→ EXERCISE OBJECTIVE:
Using the entries that follow, write out the line containing "Boston Red Sox", the line containing "ŞANLED Led Siyah", and every line between them, exactly and nothing else.
--------------------------------
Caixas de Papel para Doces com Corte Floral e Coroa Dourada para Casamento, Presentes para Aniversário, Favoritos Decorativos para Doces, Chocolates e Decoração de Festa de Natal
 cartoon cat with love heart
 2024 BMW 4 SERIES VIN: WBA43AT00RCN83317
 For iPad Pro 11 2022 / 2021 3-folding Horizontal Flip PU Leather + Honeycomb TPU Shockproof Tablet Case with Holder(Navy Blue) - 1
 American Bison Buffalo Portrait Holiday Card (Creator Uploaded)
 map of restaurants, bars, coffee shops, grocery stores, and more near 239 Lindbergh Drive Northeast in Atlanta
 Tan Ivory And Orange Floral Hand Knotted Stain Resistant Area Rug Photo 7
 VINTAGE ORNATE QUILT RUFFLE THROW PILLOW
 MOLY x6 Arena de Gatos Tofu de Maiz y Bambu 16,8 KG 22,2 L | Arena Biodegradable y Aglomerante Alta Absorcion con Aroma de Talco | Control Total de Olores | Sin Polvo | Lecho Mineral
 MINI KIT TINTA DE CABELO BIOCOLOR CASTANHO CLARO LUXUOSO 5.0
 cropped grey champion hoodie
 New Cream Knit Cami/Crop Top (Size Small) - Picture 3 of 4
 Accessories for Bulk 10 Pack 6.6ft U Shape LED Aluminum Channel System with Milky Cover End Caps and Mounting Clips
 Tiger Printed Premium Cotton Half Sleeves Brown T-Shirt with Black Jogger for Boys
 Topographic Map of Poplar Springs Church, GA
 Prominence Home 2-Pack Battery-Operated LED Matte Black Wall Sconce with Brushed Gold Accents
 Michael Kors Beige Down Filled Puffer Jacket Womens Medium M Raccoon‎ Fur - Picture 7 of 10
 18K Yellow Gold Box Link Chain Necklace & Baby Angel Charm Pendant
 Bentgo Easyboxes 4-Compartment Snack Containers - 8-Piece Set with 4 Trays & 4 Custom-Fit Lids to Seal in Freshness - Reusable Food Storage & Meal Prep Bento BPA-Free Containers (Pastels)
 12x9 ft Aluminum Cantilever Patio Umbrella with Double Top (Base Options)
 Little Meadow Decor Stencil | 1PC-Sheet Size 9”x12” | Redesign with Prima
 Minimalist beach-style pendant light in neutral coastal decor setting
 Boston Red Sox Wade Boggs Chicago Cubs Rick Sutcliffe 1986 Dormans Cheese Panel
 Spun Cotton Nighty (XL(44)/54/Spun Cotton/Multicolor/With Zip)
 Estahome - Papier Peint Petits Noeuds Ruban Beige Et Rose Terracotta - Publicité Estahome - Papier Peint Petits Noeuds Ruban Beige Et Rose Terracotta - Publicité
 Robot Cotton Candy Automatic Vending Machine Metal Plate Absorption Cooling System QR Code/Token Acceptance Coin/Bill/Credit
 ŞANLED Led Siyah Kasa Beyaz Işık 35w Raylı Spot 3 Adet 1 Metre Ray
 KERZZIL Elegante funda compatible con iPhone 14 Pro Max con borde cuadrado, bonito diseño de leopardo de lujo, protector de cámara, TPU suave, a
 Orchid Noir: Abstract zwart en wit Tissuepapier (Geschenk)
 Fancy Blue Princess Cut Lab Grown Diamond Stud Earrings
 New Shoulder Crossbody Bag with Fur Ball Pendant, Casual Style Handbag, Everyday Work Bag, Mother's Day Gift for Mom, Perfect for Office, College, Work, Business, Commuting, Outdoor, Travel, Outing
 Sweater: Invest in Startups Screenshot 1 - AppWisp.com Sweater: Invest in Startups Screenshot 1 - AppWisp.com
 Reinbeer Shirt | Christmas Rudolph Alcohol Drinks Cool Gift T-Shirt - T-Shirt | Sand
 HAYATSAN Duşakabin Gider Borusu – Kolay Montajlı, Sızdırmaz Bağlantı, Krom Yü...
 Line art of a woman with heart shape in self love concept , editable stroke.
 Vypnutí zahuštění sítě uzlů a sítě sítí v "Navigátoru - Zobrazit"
--------------------------------
→ REPLY:
 Boston Red Sox Wade Boggs Chicago Cubs Rick Sutcliffe 1986 Dormans Cheese Panel
 Spun Cotton Nighty (XL(44)/54/Spun Cotton/Multicolor/With Zip)
 Estahome - Papier Peint Petits Noeuds Ruban Beige Et Rose Terracotta - Publicité Estahome - Papier Peint Petits Noeuds Ruban Beige Et Rose Terracotta - Publicité
 Robot Cotton Candy Automatic Vending Machine Metal Plate Absorption Cooling System QR Code/Token Acceptance Coin/Bill/Credit
 ŞANLED Led Siyah Kasa Beyaz Işık 35w Raylı Spot 3 Adet 1 Metre Ray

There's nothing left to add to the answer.